Libya provides 2% of the world's oil supplies and although Opec powers such as Saudi Arabia and Iran may well be able to make up a shortfall, there are fears amongst traders that any spread of the growing unrest may push the price of crude through the roof.

"The world could deal with the loss of Libyan barrels, but the worry is that it won't stop at Libya," said Bill O'Grady, chief market strategist at Confluence Investment Management in St. Louis. "We don't know where this is going to end."

Crude rises

Oil rose for a fifth day in New York as violence intensified in Libya. On Tuesday Futures in New York surged 6.4% from the February 18th settlement, while London-traded Brent rose to $108 a barrel, the highest since September 2008. This year alone crude has risen sharply from $85 a barrel and some say "the sky's the limit" for oil prices and that $150 a barrel could be reached "without breaking a sweat". This would have severe implications for economic recovery, inflation and living standards worldwide.

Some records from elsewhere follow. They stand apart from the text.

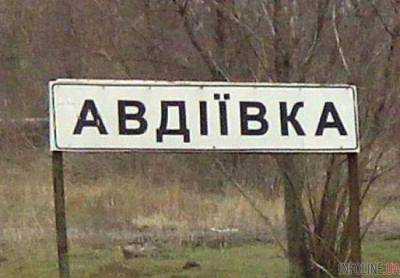 Авдеевка стала самой горячей точкой в ??зоне АТО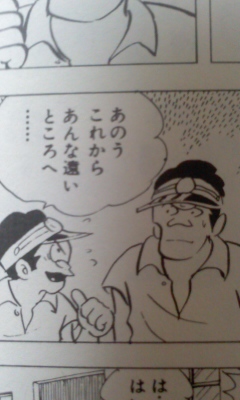 f:id:ichigou01:20141115195502j:image
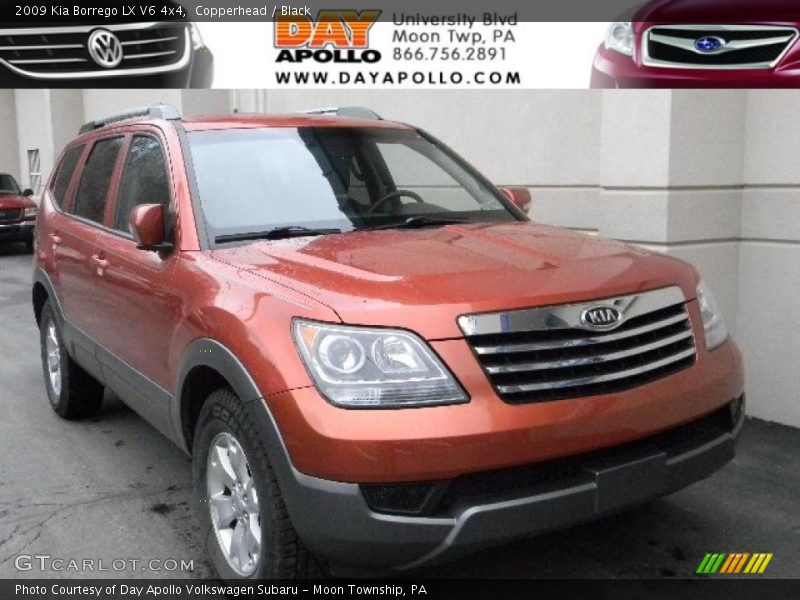 Copperhead / Black 2009 Kia Borrego LX V6 4x4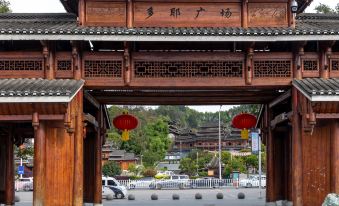 Sanjiang Tiramisu Theme Hotel (Fengyuqiao Branch)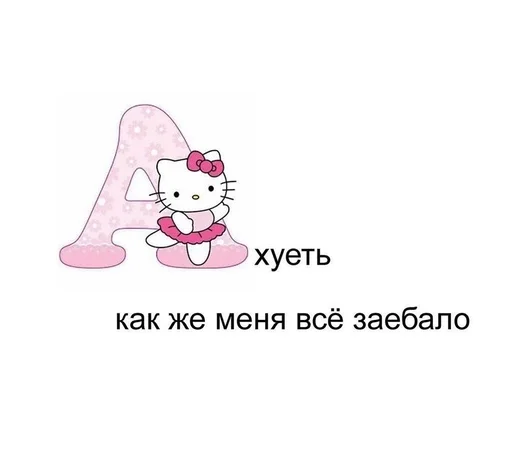 клипарт СМС эскиз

The world economy can withstand the surge in oil prices for a short time, John Lipsky, the number 2 official at the International Monetary Fund, said on Bloomberg Television's "Inside Track" yesterday [Bloomberg]. 

Stocks fall

But it is the long-term uncertainty that is sending oil prices up and sending stock markets around the world tumbling. On Tuesday the FTSE-100 index slipped by around 1.5%, before recovering to close the day down just 0.3%. There were similar losses on the American, German and French exchanges. Markets in China and Japan also saw falls, with the earthquake in New Zealand adding to the tension.

Badly hit were the stocks of heavy users of fuel and and companies vulnerable to further cutbacks in consumer spending. Airlines in particular saw their share prices fall dramatically and oil majors also experienced a sharp drop in the value of their stocks.

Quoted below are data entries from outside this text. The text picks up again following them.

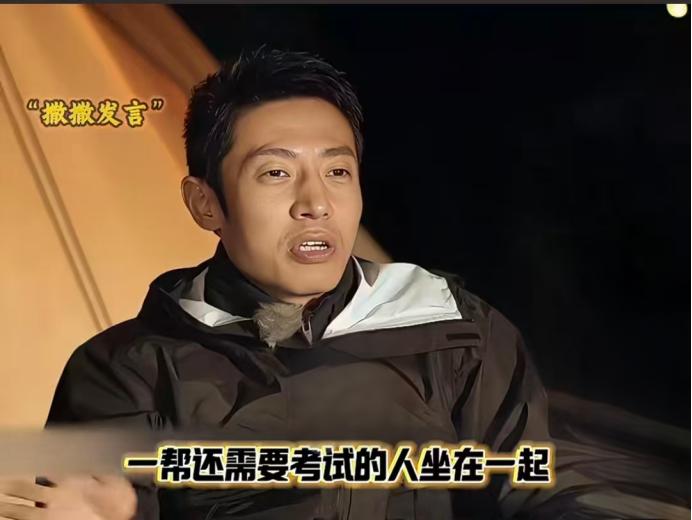 尼格买提：“你们山西分数线高吗？”张蕾：“我当时是艺术类第一。”尼格买提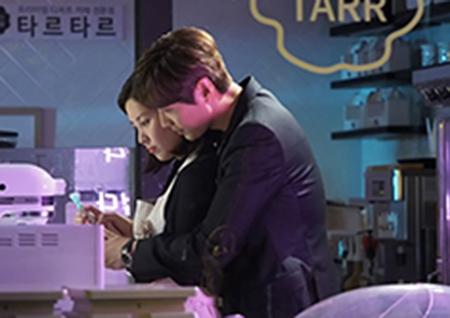 <도둑놈 도둑님> 지현우, 세상 부드러운 백허그에 서주현 심쿵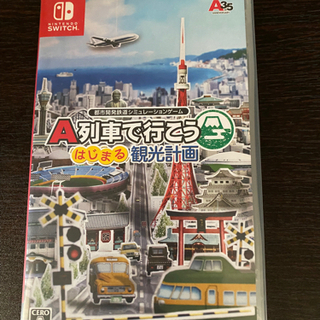 Nintendo switch ソフト　A列車で行こう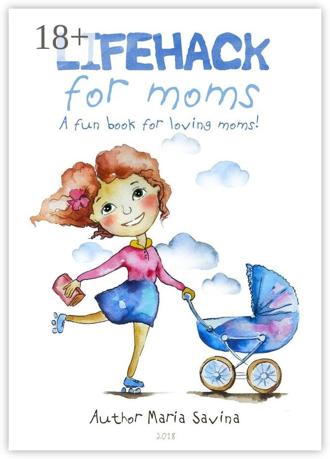 Обложка книги «Lifehack for Moms. A fun book for loving moms!»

"The market is very nervous over news of violence in Libya and that's driving [crude] prices. It looks like the uncertainty in the region is not going to be resolved soon," Yinxi Yu of Barclays Capital said [Independent].

Libya's oil wealth

Libyan leader Muammar Qaddafi has vowed to fight the growing rebellion until his "last drop of blood" and urged his supporters to take to the streets and dispel what he called the "cockroaches" who were challenging his leadership [BBC].

Just as world markets are concerned at the flow of oil from the region, Gaddafi will also be worried about his accumulated wealth. Little is known about the Gaddafi family's personal wealth but as a country Libya earns around $30 billion in oil revenue per year. The population as a whole does not benefit however. More than 2 million people live in poverty, something that is fueling the protests especially in the oil rich regions where local people see few benefits from Libya's oil industry.

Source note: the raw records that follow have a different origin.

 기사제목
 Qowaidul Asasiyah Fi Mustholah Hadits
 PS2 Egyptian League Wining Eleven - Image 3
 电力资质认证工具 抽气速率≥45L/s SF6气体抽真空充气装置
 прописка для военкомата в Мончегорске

Libya invests some of its earnings into overseas concerns. It has holdings in the publisher Pearson which is tied to the Financial Times, and it has also invested heavily in Italian companies including banks and has a 7.5% stake in the Juventas football team [Bloomberg]. Much of the country's wealth is believed to be held in cash.

Future uncertain

The unrest that is sweeping across the Middle East has yet to manifest itself in Saudi Arabia or Iran, but following the regime change in Tunisia and Egypt and the tide of unrest in Yemen, Morocco and Libya, there is uncertainty as to where the revolutionary wave will end.

Stocks and oil prices are not the only victims of the pro-democracy movement seen in the last two months. Dozens died in Tunisia, Egypt and Egypt and there are reports that more than 300 have been killed in Libya thus far.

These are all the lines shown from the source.